• EXERCISE
Extract the lines of the material below, beginning with the first and ending with the line that holds "Student user names, barcodes, and". Skip every picture.

• SUPPLIED MATERIAL
■ ■ ■ ■ ■

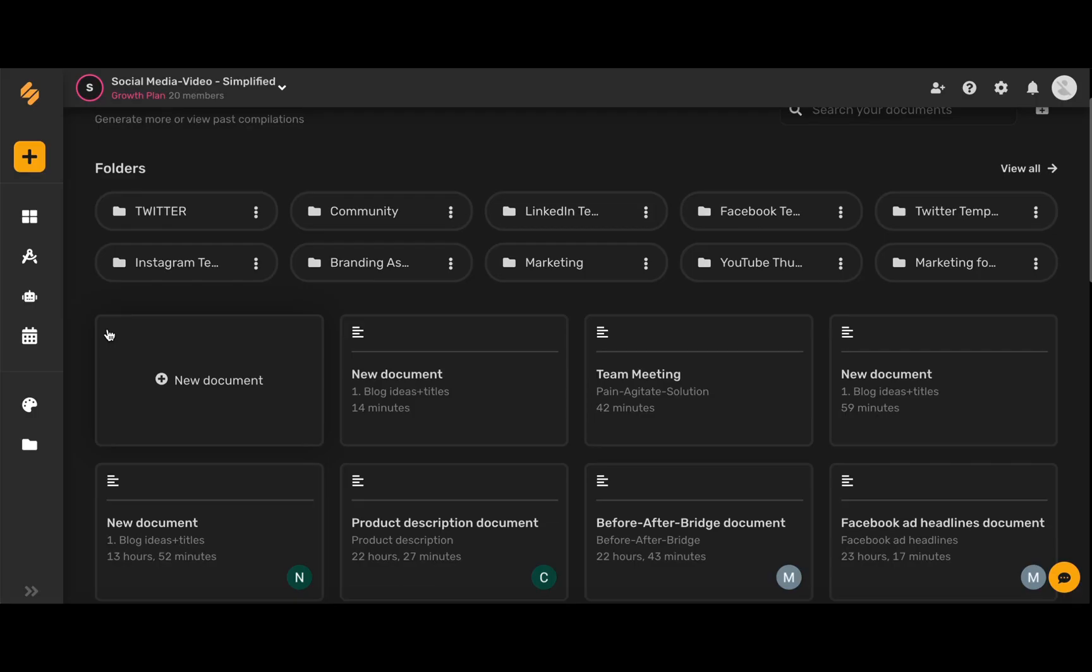On this page you will see all of your AI documents all in one place. Simplified automatically saves generated copy so you never have to worry about losing any of your work.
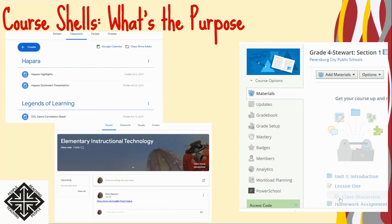Another exciting attribute of Schoology is that it allows PCPS to build a mock intranet — a place where we can house district resources accessible only by Petersburg City Public School employees. We are able to have a more secure platform to store forms, handbooks, and other staff resources. We will migrate to Schoology as our learning platform and continue to use Google Drive as a file sharing resource, which is what it was meant for.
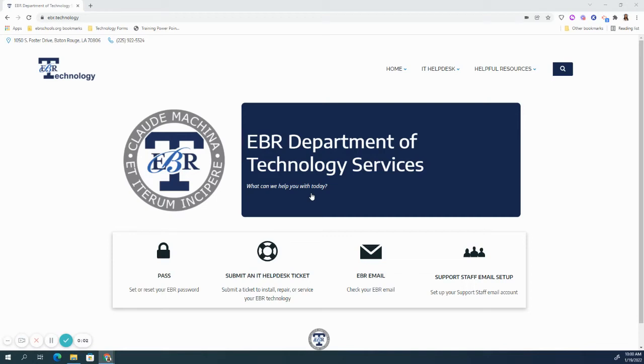Student user names, barcodes, and status, or STUBS, allows you to locate student names and passwords for your students.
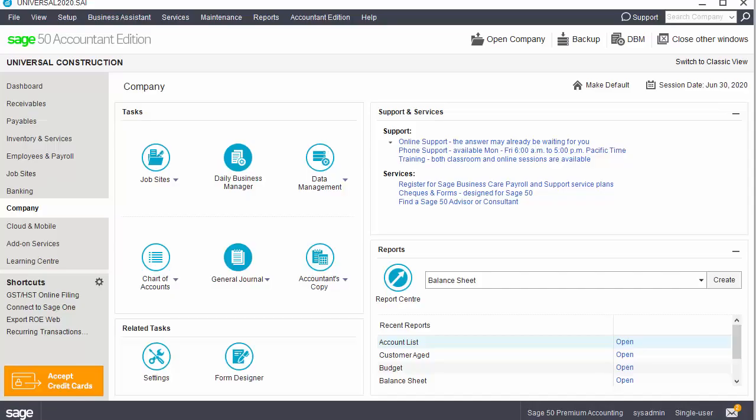You may recall that when you create a company in Sage 50, you can and should allow the program to create your chart of accounts. Let's look at a sample chart of accounts.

■ ■ ■ ■ ■

• TASK RESULT
On this page you will see all of your AI documents all in one place. Simplified automatically saves generated copy so you never have to worry about losing any of your work.
Another exciting attribute of Schoology is that it allows PCPS to build a mock intranet — a place where we can house district resources accessible only by Petersburg City Public School employees. We are able to have a more secure platform to store forms, handbooks, and other staff resources. We will migrate to Schoology as our learning platform and continue to use Google Drive as a file sharing resource, which is what it was meant for.
Student user names, barcodes, and status, or STUBS, allows you to locate student names and passwords for your students.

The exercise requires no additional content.